The Good Wife features religion in all of those contexts, but to me the most intriguing is Grace Florrick’s religious awakening and her mother Alicia’s reactions to it. Alicia is established as liberal, secular, and a loving mother. All in all, she respects her daughter’s autonomy, and does her level best—often succeeding—to withhold judgment. Through this relationship, The Good Wife demonstrates a side of religion rarely seen on TV. Here the secular liberal tries to make sense of religion’s centrality in a loved one’s life. That strips this relationship of the incredulity that often serves as the liberal reaction to religious rhetoric in the political sphere.

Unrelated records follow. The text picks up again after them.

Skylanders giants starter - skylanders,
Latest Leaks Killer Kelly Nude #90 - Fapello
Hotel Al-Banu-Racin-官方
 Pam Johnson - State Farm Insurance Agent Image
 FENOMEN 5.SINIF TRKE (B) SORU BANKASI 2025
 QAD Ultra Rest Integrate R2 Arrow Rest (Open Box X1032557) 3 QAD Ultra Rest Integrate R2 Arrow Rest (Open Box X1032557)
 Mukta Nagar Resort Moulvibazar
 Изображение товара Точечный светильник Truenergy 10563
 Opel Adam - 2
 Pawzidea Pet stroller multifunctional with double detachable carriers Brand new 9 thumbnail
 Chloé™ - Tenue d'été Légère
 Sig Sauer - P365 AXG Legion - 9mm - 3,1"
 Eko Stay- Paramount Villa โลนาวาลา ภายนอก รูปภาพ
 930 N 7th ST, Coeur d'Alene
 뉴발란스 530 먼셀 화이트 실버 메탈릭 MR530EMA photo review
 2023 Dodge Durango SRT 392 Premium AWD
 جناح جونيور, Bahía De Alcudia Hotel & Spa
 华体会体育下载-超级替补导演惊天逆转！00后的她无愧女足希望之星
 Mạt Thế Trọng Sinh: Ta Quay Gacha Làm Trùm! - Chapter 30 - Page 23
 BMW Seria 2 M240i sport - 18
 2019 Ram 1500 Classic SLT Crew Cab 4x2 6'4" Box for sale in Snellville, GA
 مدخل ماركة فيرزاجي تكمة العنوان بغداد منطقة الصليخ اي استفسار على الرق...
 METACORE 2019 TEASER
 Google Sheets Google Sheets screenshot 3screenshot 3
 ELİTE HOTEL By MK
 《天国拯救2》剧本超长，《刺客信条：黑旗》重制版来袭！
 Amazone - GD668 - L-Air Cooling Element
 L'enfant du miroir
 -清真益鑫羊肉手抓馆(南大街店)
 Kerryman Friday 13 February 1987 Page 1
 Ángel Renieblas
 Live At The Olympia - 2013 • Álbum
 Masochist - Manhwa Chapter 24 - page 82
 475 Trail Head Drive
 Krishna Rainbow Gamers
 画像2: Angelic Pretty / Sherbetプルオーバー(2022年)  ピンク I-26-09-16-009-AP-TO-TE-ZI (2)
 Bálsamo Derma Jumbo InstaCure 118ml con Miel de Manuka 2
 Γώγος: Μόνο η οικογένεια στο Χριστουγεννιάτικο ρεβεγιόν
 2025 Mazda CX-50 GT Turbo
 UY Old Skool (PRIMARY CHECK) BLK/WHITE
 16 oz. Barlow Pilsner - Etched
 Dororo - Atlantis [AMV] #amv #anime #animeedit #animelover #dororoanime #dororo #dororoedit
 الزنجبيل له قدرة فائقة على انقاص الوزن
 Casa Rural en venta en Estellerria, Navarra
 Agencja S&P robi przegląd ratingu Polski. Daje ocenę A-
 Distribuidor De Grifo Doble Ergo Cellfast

In “Parenting Made Easy,” however, what had been Grace’s hobby turns to crisis. In this clip, Grace goes missing; Alicia is terrified. When found, Grace is in church, quietly being baptized. This incident puts religious awakening in the role usually reserved for teenagers binge drinking and having unprotected sex. Baptism figures as the ultimate terror for a liberal parent. The child in this scenario is literally lost and feared violently abducted, and the culprit is Christianity. Later, Alicia needs Grace’s new Biblical expertise for a case she is arguing, so the episode ends reestablishing Alicia as the liberal, tolerant parent. But can one conversation override the literal equation of baptism with child abduction at the heart of the episode? Does The Good Wife ultimately succumb to the repetitive discourse of liberal and religious as (terrifyingly) incompatible? This show is often a welcome relief from the idea that religion, in all its forms and uses, is solely the domain of conservatives, but does this episode make that reevaluation impossible?